=== GIVEN MATERIAL ===
BEGIN

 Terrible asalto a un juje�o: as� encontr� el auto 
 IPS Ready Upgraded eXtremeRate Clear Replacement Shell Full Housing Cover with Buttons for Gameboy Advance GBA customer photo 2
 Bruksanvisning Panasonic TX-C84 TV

END

=== TASK TO CARRY OUT ===
Would you transcribe the data above exactly as it stands?

=== RESPONSE BELOW ===
 Terrible asalto a un juje�o: as� encontr� el auto 
 IPS Ready Upgraded eXtremeRate Clear Replacement Shell Full Housing Cover with Buttons for Gameboy Advance GBA customer photo 2
 Bruksanvisning Panasonic TX-C84 TV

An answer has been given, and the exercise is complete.